Vente d'édifices de l'UQAM - Héritage Montréal et Mascouche s'inquiètent du «bazardage»
Les déboires financiers de l'Université du Québec à Montréal (UQAM) risquent de mener cette institution à bazarder des immeubles de grande valeur patrimoniale, craignent Héritage Montréal et la Ville de Mascouche.
Comme Le Devoir l'annonçait le week-end dernier, l'UQAM tente par tous les moyens de se renflouer alors que la crise financière de plusieurs millions perdure. Ainsi, cinq des six immeubles achetés au cours des dernières années sont mis en vente, dont trois édifices patrimoniaux: la Bibliothèque nationale Saint-Sulpice, le domaine seigneurial de Mascouche ainsi que l'édifice de La Patrie.Lundi, une réunion du comité patrimoine-aménagement d'Héritage Montréal a permis de soulever une préoccupation par rapport à la vente décrétée par l'UQAM. Pour cet organisme de protection du patrimoine architectural et urbain, ces bâtiments grossiront la liste des édifices jugés en péril.
«On craint le bazardage», a affirmé hier Dinu Bumbaru, directeur d'Héritage Montréal et secrétaire général de l'ICOMOS, l'organisme-conseil de l'ONU pour les monuments et les sites. «La Bibliothèque nationale Saint-Sulpice, ce ne sont pas seulement des pieds carrés, c'est un monument historique classé. L'intérieur et le mobilier sont protégés. Le manoir de Mascouche est aussi un monument très intéressant. [...] Quant à l'édifice de La Patrie, dont l'architecture est emblématique, il a une viabilité économique plus assurée», juge M. Bumbaru.

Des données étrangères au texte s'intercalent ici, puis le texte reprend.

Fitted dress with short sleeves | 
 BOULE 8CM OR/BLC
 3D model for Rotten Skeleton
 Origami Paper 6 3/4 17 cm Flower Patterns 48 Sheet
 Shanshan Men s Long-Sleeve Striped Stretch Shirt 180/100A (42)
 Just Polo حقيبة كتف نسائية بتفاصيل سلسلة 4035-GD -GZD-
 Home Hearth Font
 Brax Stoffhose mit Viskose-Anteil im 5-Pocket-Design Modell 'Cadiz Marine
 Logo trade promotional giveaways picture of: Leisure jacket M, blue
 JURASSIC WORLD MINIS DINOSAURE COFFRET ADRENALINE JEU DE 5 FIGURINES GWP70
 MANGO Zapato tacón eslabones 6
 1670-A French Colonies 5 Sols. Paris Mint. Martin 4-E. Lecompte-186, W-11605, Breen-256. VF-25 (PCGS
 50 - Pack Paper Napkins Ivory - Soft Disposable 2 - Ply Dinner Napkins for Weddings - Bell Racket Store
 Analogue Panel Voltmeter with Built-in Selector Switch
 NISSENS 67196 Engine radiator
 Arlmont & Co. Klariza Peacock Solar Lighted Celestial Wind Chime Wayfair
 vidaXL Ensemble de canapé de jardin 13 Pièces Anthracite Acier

Lundi également, les dirigeants de Mascouche ont rencontré des porte-parole de l'UQAM pour faire le point sur la mise en vente du domaine seigneurial, qui comprend un manoir et une forêt et couvre un total de deux millions de mètres carrés. C'est «un contretemps» compte tenu du fait que la Ville avait prévu que ce site soit intégré au vaste parc public protégé par Mascouche, «le plus gros poumon vert du Montréal métropolitain», comme le désigne le maire Richard Marcotte.
«Ça nous a donné un coup de jambette inattendu. Les problèmes de l'UQAM viennent tout chambarder», a lancé M. Marcotte.
Le maire de Mascouche est d'autant plus déçu que le projet prévoyait le redéploiement de l'UQAM sur la Rive-Nord. Il souhaite donc renverser la vapeur en créant un comité qui réfléchira à la suite des choses. «On va se battre et on va trouver des solutions. On n'est pas des gens qui baissent les bras», a-t-il assuré.
M. Marcotte a souligné que ce ne sera pas une vente facile. «Il y a des restrictions. Il n'y aura pas de promoteur pour construire des condos là-dedans, pas question», a-t-il tranché.
Héritage Montréal a également des idées pour la Bibliothèque nationale Saint-Sulpice, notamment dans le contexte de la tenue du sommet culturel de Montréal, l'automne prochain. «Pourquoi ne pas y faire la maison du patrimoine de Montréal?», a lancé M. Bumbaru.
Ces inquiétudes découlent des problèmes auxquels fait face l'UQAM depuis qu'elle a décidé d'investir dans l'immobilier. La construction du Complexe des sciences s'avère une aventure dont le coût s'élève à plus de 100 millions. Quant à l'îlot Voyageur, avec ses 600 places de stationnement, une gare centrale d'autobus revampée et une tour de bureaux de 20 étages, ce projet fait l'objet d'une enquête. Le conseil d'administration de l'UQAM discutera de sa situation la semaine prochaine lors d'une séance spéciale.
Hier, d'ailleurs, un nouveau représentant des professeurs a été élu lors de l'assemblée générale syndicale. Le sociologue Jacques Beauchemin siégera comme administrateur à compter d'août prochain.